We’re going to come together and celebrate being open for another year. The venue business is tough, you know? People come and go all the time. There have been a half dozen venues open and close since we’ve been open.

CP: What are you doing right? Why are your doors still open?

JS: I think it’s just a combination of Jeni and I putting everything we have into it. We put in the work, and that’s the biggest thing. You spend countless hours promoting and booking and then working the venue. If you treat it like a full time job, that’s is the biggest thing.

A lot of people who get into business for themselves — this could be just about any business, just about — have different ideas of how to approach it. If you think you’re going to be sitting in an office making bank deposits and collecting pay checks, if you’re running something small, you’ll have a reality check pretty soon.

CP: Looking forward to Year Five and beyond, what are your hopes for JJ’s?

JS: Just to keep it up, at this point. I think we’ve peaked. I don’t think there’s anything more we can do. Year Four was definitely a peak year for us. We’ve increased our crowd every year up to this year, but i don’t see it going any further than what we have. We’re limited by the size of the space.
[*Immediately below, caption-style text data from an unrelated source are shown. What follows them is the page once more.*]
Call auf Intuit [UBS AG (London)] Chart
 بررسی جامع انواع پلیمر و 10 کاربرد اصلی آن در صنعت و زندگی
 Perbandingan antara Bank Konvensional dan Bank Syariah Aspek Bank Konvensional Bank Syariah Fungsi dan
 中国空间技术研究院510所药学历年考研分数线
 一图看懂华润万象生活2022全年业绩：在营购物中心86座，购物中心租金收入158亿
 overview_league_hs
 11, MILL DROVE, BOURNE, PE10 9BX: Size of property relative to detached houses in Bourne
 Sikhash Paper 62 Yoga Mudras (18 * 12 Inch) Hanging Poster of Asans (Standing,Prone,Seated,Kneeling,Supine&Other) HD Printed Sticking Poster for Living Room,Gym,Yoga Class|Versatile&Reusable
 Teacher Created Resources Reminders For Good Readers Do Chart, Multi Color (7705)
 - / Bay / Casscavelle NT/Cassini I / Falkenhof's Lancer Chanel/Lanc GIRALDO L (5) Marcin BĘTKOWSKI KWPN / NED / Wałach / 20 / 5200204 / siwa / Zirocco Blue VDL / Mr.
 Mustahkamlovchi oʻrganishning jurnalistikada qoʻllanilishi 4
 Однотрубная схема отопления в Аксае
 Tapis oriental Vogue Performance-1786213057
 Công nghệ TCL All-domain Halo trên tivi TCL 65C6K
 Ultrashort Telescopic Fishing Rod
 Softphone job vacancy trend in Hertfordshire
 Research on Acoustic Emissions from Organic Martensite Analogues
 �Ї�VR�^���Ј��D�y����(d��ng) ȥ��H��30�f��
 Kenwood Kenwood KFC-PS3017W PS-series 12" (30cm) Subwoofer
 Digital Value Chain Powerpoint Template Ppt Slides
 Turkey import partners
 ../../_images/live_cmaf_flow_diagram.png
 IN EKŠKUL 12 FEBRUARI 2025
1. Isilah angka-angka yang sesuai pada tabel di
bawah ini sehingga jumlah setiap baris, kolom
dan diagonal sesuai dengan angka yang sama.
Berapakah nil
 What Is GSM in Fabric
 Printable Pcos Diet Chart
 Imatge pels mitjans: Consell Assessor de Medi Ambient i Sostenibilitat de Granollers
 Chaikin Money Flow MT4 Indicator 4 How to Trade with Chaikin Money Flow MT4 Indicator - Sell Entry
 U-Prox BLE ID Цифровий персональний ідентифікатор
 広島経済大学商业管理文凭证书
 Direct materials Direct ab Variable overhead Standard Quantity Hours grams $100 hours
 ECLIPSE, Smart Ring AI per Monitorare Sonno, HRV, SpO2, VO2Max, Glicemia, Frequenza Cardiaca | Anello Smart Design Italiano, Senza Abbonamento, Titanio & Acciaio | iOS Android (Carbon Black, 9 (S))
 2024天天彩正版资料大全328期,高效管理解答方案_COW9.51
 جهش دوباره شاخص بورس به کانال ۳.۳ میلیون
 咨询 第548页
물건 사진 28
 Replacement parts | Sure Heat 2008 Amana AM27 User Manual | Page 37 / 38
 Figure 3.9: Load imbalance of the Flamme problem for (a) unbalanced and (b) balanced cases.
I guess it’ s just keeping the momentum going, bringing in new talent and checking out new things while mixing it up with some of our regular things we have been doing for the past four years.

CP: A while ago, you mentioned that you were looking at moving to a new, larger space. Is that on the backburner?

JS: (Laughs.) It’s something i think about every day, but it’s one of those things where it has to be the exact right opportunity. If it’s not done right, it won’t succeed. I’m kind of looking for perfection there, and that takes a while. It has to be the right size, the right place and the right layout.

That’s where the hang up is on that. I still haven’t found the perfect place, but I look; I look every week. I’m just waiting for the right thing to become available.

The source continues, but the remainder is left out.